Flink interpreter for Apache Zeppelin

Apache Flink is an open source platform for distributed stream and batch data processing.

How to start local Flink cluster, to test the interpreter

Zeppelin comes with pre-configured flink-local interpreter, which starts Flink in a local mode on your machine, so you do not need to install anything.
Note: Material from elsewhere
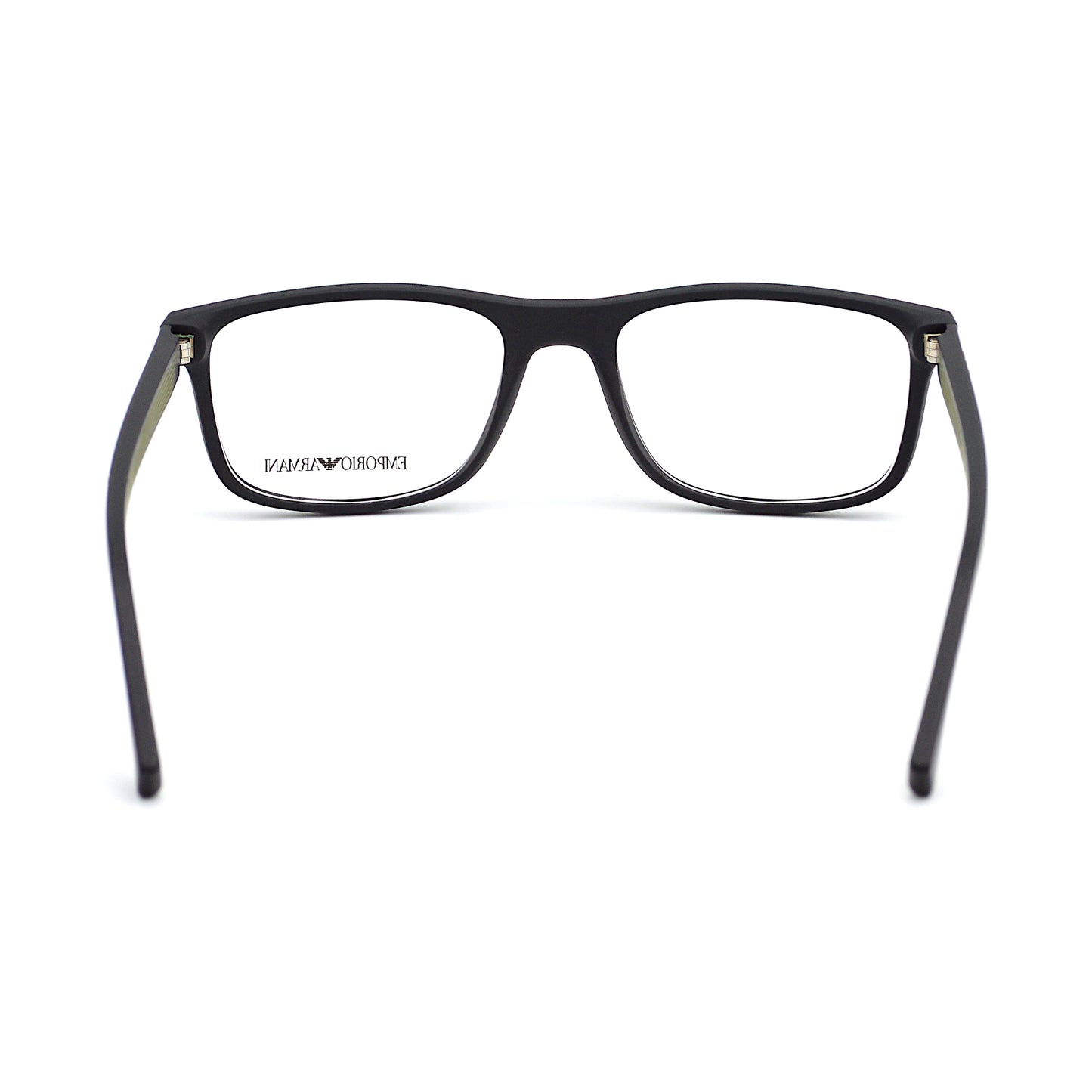 Emporio_Armani_Spectacle_Eyewear_EA_3147_5042_back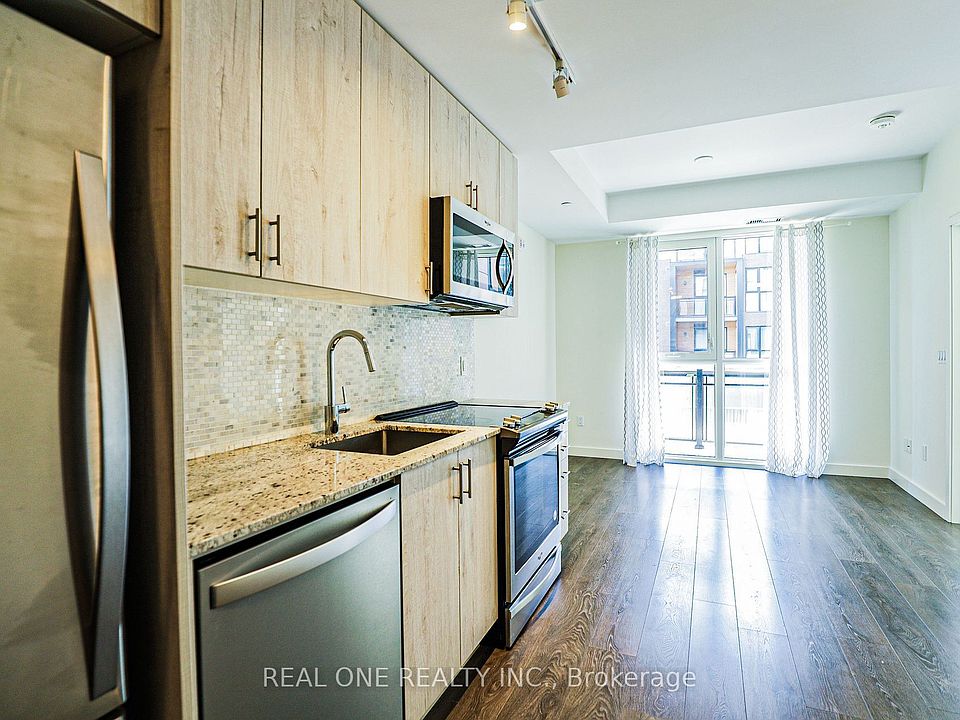 1st image of 150 Sabina Dr #209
How to configure interpreter to point to Flink cluster

At the "Interpreters" menu, you have to create a new Flink interpreter and provide next properties:

property value Description
host local host name of running JobManager. 'local' runs flink in local mode (default)
port 6123 port of running JobManager
xxx yyy anything else from [Flink Configuration](https://ci.apache.org/projects/flink/flink-docs-release-0.9/setup/config.html)


How to test it's working

In example, by using the Zeppelin notebook is from Till Rohrmann's presentation "Interactive data analysis with Apache Flink" for Apache Flink Meetup.

%sh
rm 10.txt.utf-8
wget http://www.gutenberg.org/ebooks/10.txt.utf-8
%flink
case class WordCount(word: String, frequency: Int)
val bible:DataSet[String] = env.readTextFile("10.txt.utf-8")
val partialCounts: DataSet[WordCount] = bible.flatMap{
    line =>
        """\b\w+\b""".r.findAllIn(line).map(word => WordCount(word, 1))
//        line.split(" ").map(word => WordCount(word, 1))
}
val wordCounts = partialCounts.groupBy("word").reduce{
    (left, right) => WordCount(left.word, left.frequency + right.frequency)
}
val result10 = wordCounts.first(10).collect()